Marcin Radzewicz : I liga nabiera kolorytu. Coraz większe pieniądze.

 


Świetna inauguracja rundy wiosennej na boiskach Nice I liga. Na derbowy mecz do Zabrza pomiędzy Górnikiem, a GKS Tychy przyszło prawie 18 tysięcy kibiców. – I liga nabiera kolorytu. Tylko się cieszyć, że tak jest – mówi pomocnik tyszan, 36-letni Marcin Radzewicz.

Wprawdzie pierwsze spotkanie na zapleczu Ekstraklasy rozegrano już tydzień temu, ale w starciu Miedź – MKS Kluczbork (2-0) piłkarze nadrabiali zaległości z poprzedniego roku.

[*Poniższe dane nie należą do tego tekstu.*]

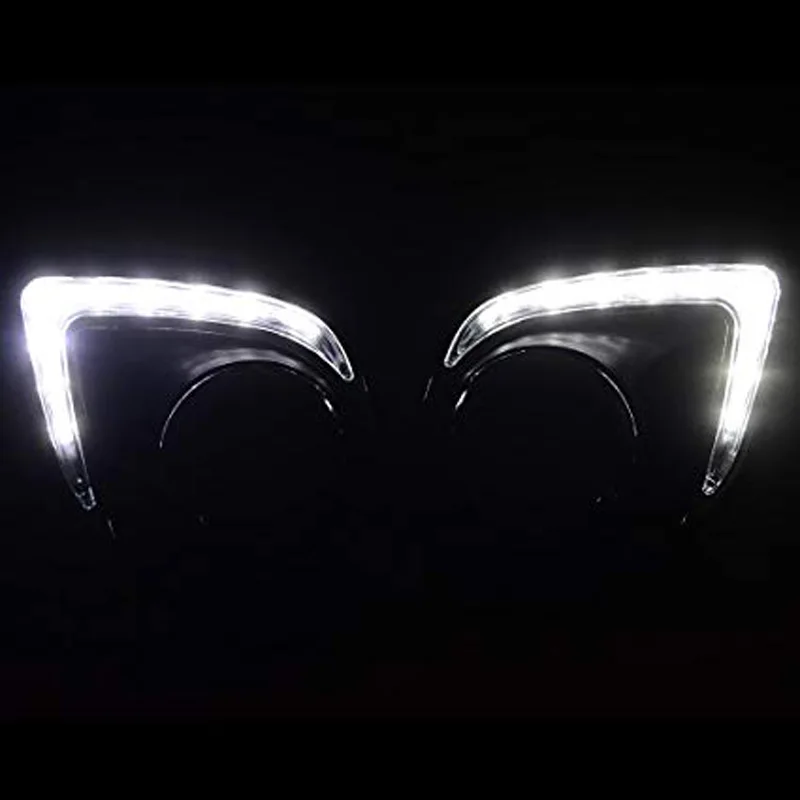 2 шт. светодиодный DRL для mitsubishi asx, противотуманный светильник 2013, противотуманный светильник, дневные ходовые огни, противотуманная фара, сигнал поворота, автомобильные аксессуары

Tak naprawdę inauguracja wiosny odbyła się więc wczoraj wieczorem w Zabrzu. W pierwszym spotkaniu 20 kolejki Nice I liga Górnik zagrał z GKS Tychy. Wygrali gospodarze po kapitalnym trafieniu w końcówce pierwszej połowy, w wykonaniu Łukasza Wolsztyńskiego.

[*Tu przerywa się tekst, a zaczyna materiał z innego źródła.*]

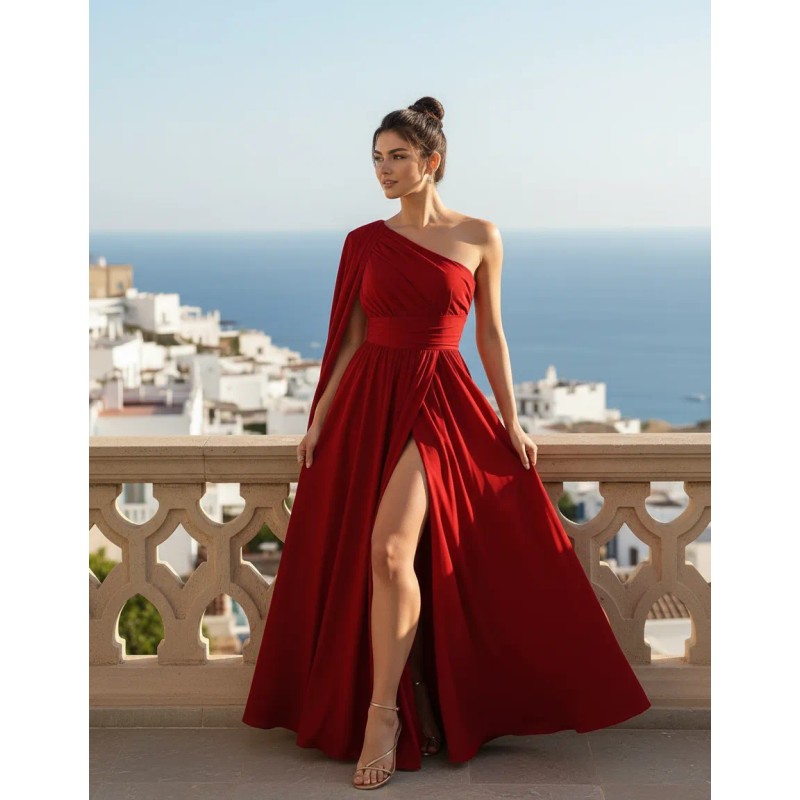 Vestido Largo Casual Maria Bela Co Modelo Aldama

– Chcieliśmy się dobrze pokazać w pierwszym tegorocznym spotkaniu i przywieść punkty z Zabrza, byliśmy pewni swego. Jedna akcja i strzał życia piłkarza Górnika zdecydował, że przegraliśmy. Tak bywa. Zabrakło nam dokładności. Zimą mało co trenowaliśmy na trawie. W kolejnych spotkaniach powinno być jednak lepiej – podkreśla Marcin Radzewicz.

Mecz na Arena Zabrze oglądała rekordowa liczba 17 776 kibiców, w tym 800-osobowa grupa z Tych. Dodajmy, że dwa wczorajsze mecze Lotto Ekstraklasy, pomiędzy Koroną i Górnikiem Łęczna oraz Zagłębiem Lubin i Legią, mimo, że wcale nie było na nich mało fanów, nie zgromadziły razem tylu ludzi, co pierwszoligowe spotkanie w Zabrzu! A to jeszcze nie koniec, kibice Górnika zapowiadają, że ten rekord pobiją podczas meczu z Zagłębiem Sosnowiec (24 marca).

– Fajnie, że tak się dzieje. Pierwsza liga zaczyna nabierać kolorytu. Są coraz większe pieniądze, rozgrywkami interesuje się telewizja. Tylko się cieszyć, że tak jest – zaznacza Radzewicz, który na boiskach Ekstraklasy, w barwach Odry, Dyskobolii, Polonii Bytom i Piasta zaliczył 188 gier.

Po 20 kolejkach Górnik ma na swoim koncie 30 punktów i awansował na piąte miejsce w ligowej tabeli. GKS Tychy, z siedemnastoma „oczkami”, jest na przedostatnim 17 miejscu.